Green labelling gets red light

Government attempts to set up a green labelling system to guide consumers and businesses to ecofriendly products were scuppered this week with the announcement that the national environmental agency Indalo Yethu would be dissolved.

Launched in 2006 by then-environment minister Marthinus van Schalkwyk, Indalo Yethu’s main aims were to raise environmental awareness and set up an eco-endorsement system. Its operational costs so far total R36.5-million.

In recent years the environment department assigned the agency other projects, which have been given six months to be wrapped up. These include the R390-million Eco­towns programme, which has ­created more than 3200 jobs around South Africa.

One of the government officials involved in setting up Indalo Yethu, who did not want to be named, said it was the leading legacy project of the World Summit on Sustainable Development hosted in Johannesburg in 2002. Its original budget was R20-million and more than two years of research into eco­labelling had preceded its launch.

“It is short-sighted to close such an initiative down when, around the world, there is an emphasis on the green economy. The visionary thing to do would have been to give it a new agenda and focus,” he said.

Another insider said the move ­followed a recent pattern in the department of closing down costly environmental initiatives that took years to set up. Last year Buyisa-e-Bag, a R65-million recycling initiative funded by plastic bag levies, was also wound down.

“It’s a pity to lose all the research, consultations with provinces, branding, etcetera, that went into Indalo Yethu’s eco-endorsement campaign. It seems when new people come into the department, they have to reinvent the wheel,” he said.

Indalo Yethu’s original aim was to counter “green wash” marketing campaigns with a credible eco-standard similar to the Fairtrade label. Because it had to be independent, a trust was set up and the funds were administered by an environmental non-governmental organisation, the Wildlife and Environment Society of South Africa (Wessa).

Mike Ward, the NGO’s chief financial officer, said although almost R4-million “went in and out” of the society’s account, it had nothing to do with the management of Indalo Yethu.
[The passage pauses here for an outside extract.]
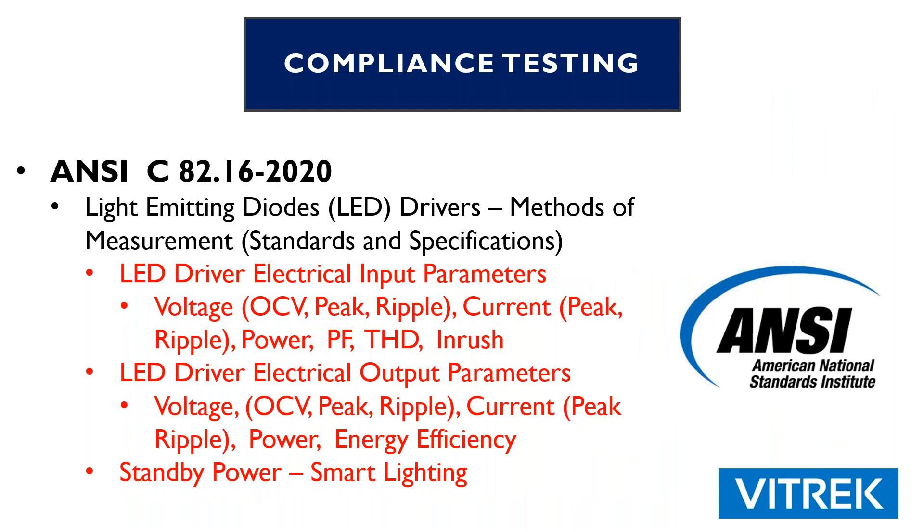The other compliance document is our ANSI C82-16. That was recently updated in 2020, and that is for LED drivers only. It also includes methods of measurement, standards, and specifications. The LED driver electrical input parameters and output parameters listed there are what is being tested and what is spec'd out. One of the important issues is inrush current on the electrical input parameters, and on the output parameters, the energy efficiency.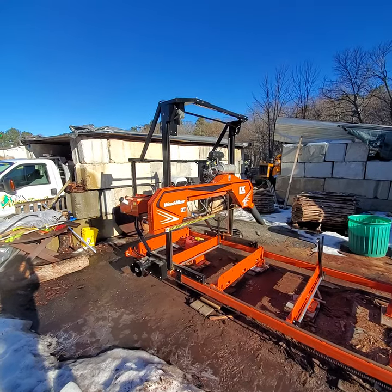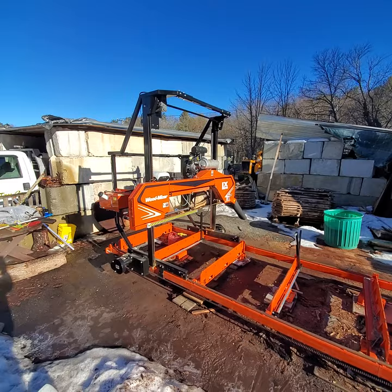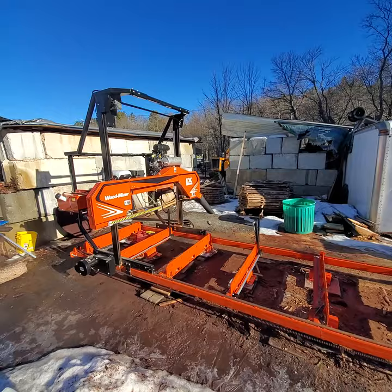A quick tour of my little sawmill operation. That's my Wood Miser LX 250 in Cutlake, right around 13 feet right now. I'm 55 inches wide.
“Wessa had a mandate to set up a national ecostandard in South Africa and Indalo Yethu was specifically established for that purpose,” Ward said. “Ironically, this was one of the things it didn’t do. It was a missed opportunity.”

Environment department spokesperson Albi Modise said the trust was supposed to generate sufficient income through eco-endorsements to fund its own operations. A recent review, however, had shown that this was not possible.

“As it was never the intention of the department to fund the operations of Indalo Yethu in perpetuity, it was decided to discuss the dissolution of the trust with its trustees. If the dissolution is not agreed to, the department will nevertheless formally withdraw its funding from the trust, following the withdrawal of Wessa,” Modise said.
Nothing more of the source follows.